Exercise objective: Take the entries that follow and return exactly the lines from the one holding "Passo_a_passo_flor_paix_o_por_roma_www.croche.com_101_" through the one holding "Godshill Apartment |", both included. Nothing else is needed.

Entries shown:
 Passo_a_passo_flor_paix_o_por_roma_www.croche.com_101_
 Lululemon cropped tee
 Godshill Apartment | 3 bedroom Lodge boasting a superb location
--
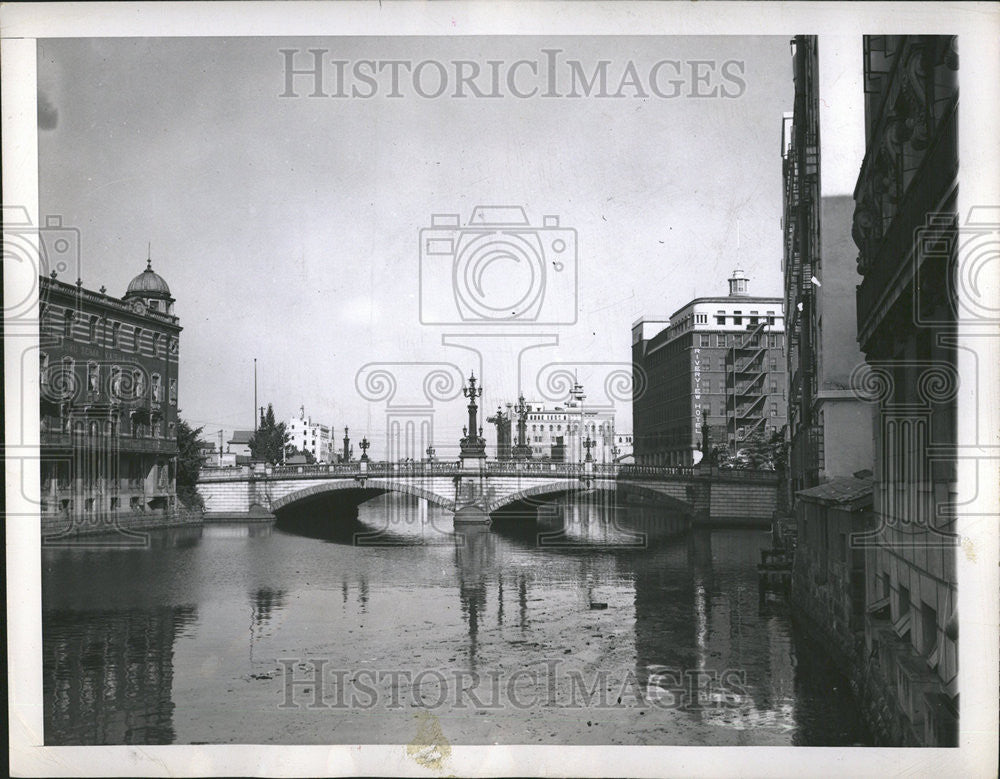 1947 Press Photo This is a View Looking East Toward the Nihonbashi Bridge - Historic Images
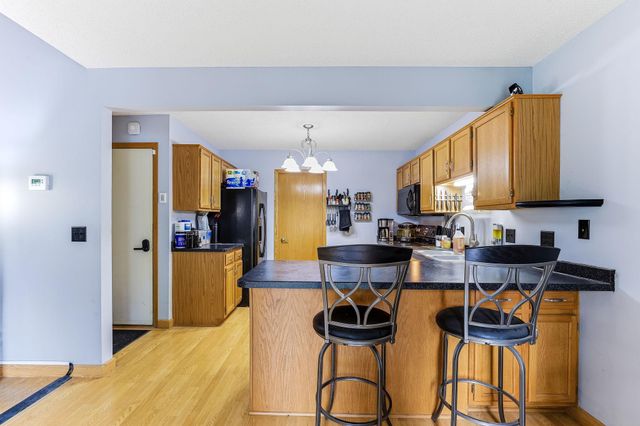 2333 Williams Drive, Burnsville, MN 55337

Solution to this task:
 Passo_a_passo_flor_paix_o_por_roma_www.croche.com_101_
 Lululemon cropped tee
 Godshill Apartment | 3 bedroom Lodge boasting a superb location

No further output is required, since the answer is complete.